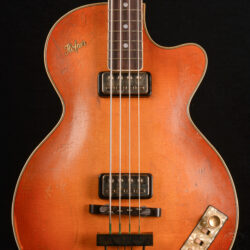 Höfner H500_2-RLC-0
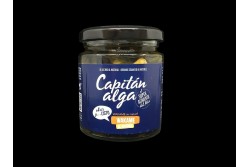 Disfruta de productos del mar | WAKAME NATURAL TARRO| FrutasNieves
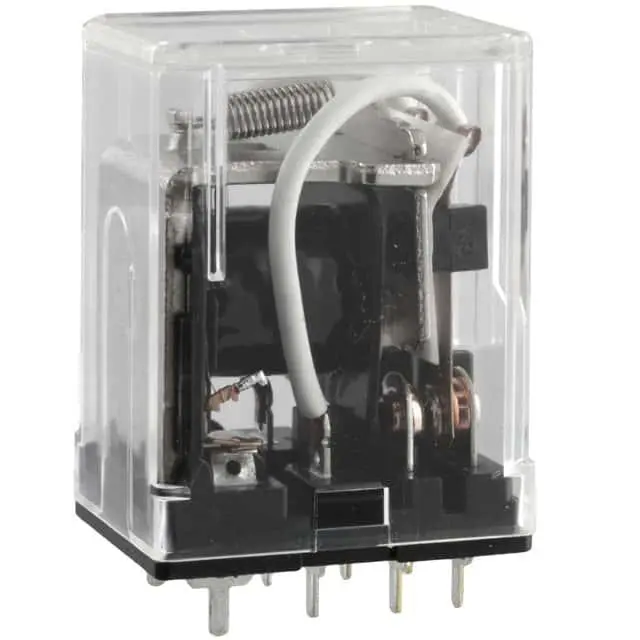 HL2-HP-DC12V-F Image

* Task details: Go through the listing above and retype each line exactly, apart from the pictures.

* Exercise answer:
 Höfner H500_2-RLC-0
 Disfruta de productos del mar | WAKAME NATURAL TARRO| FrutasNieves
 HL2-HP-DC12V-F Image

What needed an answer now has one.